Upper-class Britain in the 1930s

A very different world is presented by British magazines from the 1930s, contemporaneous to Lawrence’s later years and death. The Wilson collection contains a copy of the magazine The Field, dating from 16 November 1935, which, then as now, caters to upper-class Britain’s shooting and hunting culture. Although I was unable to find a mention of Lawrence in this magazine, it does offer a glimpse into attitudes to foreign travel and “adventure” for the upper classes during the period when Lawrence’s exploits first became popular. The cover features a photograph of The Duke of Buccleugh in hunting gear, whilst articles include reminiscences about “shooting camps” in Kenya by the Duchess of Sutherland, featuring a photograph of the Duchess on a camel.

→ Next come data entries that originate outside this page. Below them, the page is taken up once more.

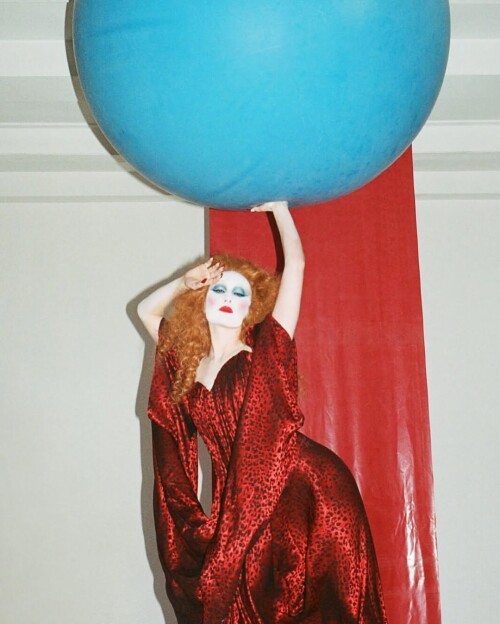 IMG 2440b040c74919a0ef88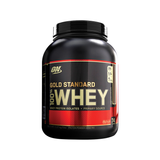  ON - GS 100% WHEY 5LBS 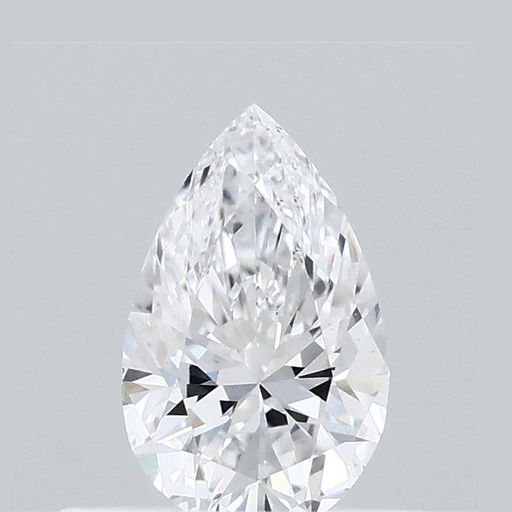 primary sku D-4ZPYIBI9WZ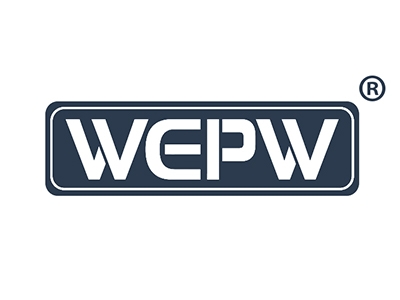 WEPW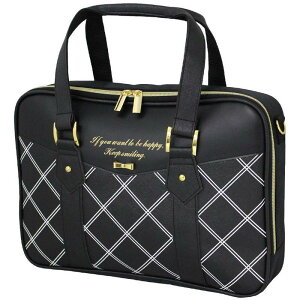 Zbg veBh[ (X^_[hȑMZbg) ~r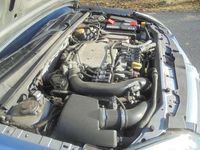 Gebraucht Opel Vectra 230 PS (169 kW) 2005 Kombi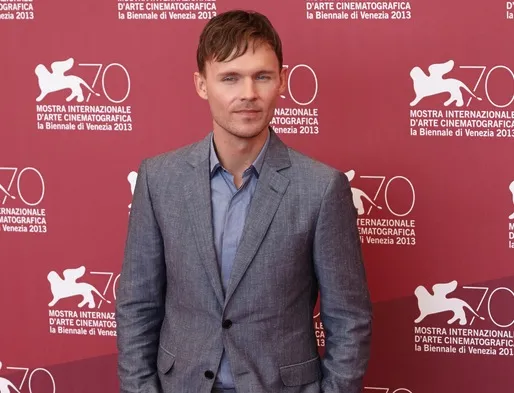 5510324-scott-haze.jpg
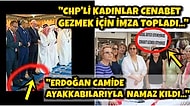 Kandırıldık! Son Günlerde Hepimizin İnanarak Paylaştığı Ama Doğru Olmadığı Ortaya Çıkan Haberler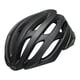 thumbnail image 1 of Casco de bicicleta Bell Stratus MIPS M/G Greens Small, 1 of 4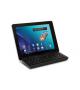 MINI TASTIERA HAMLET BLUETOOTH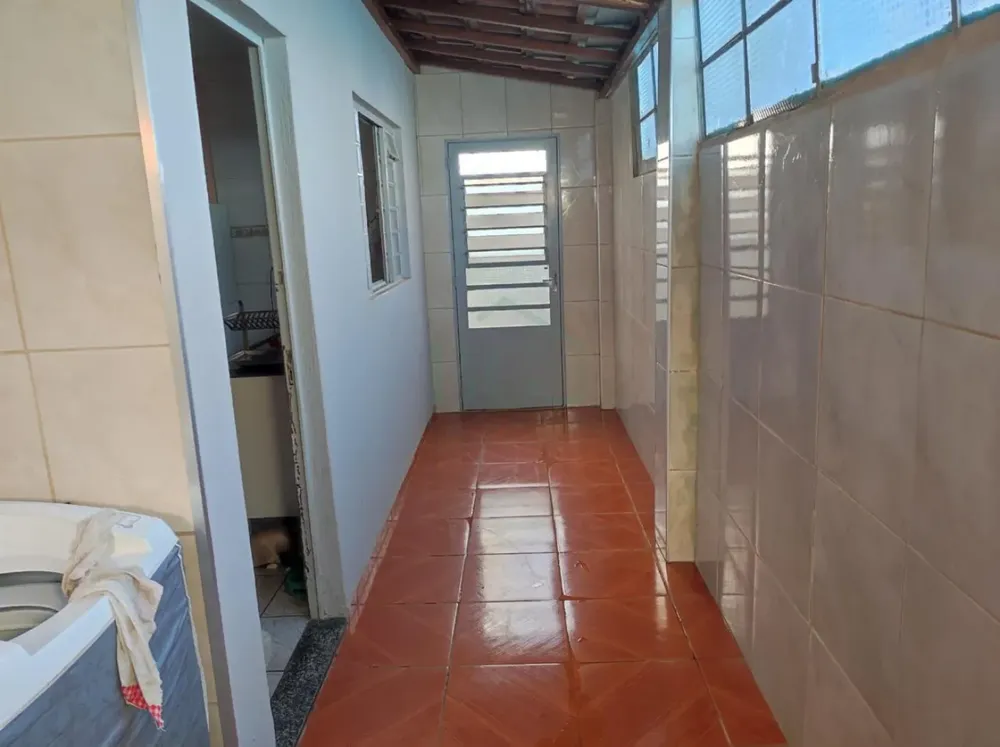 Casa, 3 quartos, 110 m² - Foto 6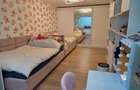 4 Camere Decomandat An Constructie 1979 Drumul Taberei - Bd. Timisoara - 8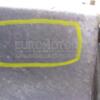 МКПП (механическая коробка переключения передач) 5-ступка Renault Clio 1.4 8V (II) 1998-2005 JB1966 44082 - 6
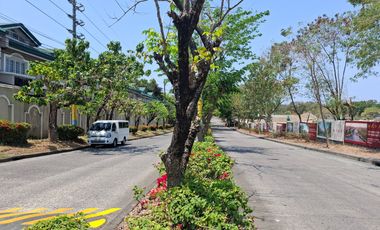 NAVA Hillsborough Living: Residential Lot for Sale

The magazine also covered another of Lawrence’s interests – “Travel by Land, Sea and Air”, in an article that announces “A Year of Motoring Progress”. Interestingly, in the year that Lawrence was killed in a motorcycle accident, the writer suggests that “From every point of view it is good to be able to record the year has seen a steady diminution in the number of accidents occurring in the highways of the county”.

Finally, the magazine also highlights that even in the cushioned world of the upper-classes in 1935, the subject of the First World War was always near to the surface, even in the context of Christmas festivities. An article titled “Twenty Years After: Christmas Memories of 1915 in the Salient” by Ian Hay, describes Christmas in the trenches in 1915 and the efforts of a group of British officers to source some brandy for a Christmas celebration. The article also includes images of a couple of contemporary Christmas cards. The magazine ends with a round up of the year’s best books with an “outdoors” theme, but oddly does not include Seven Pillars of Wisdom, which had been recently published in full for the first time following Lawrence’s death in May.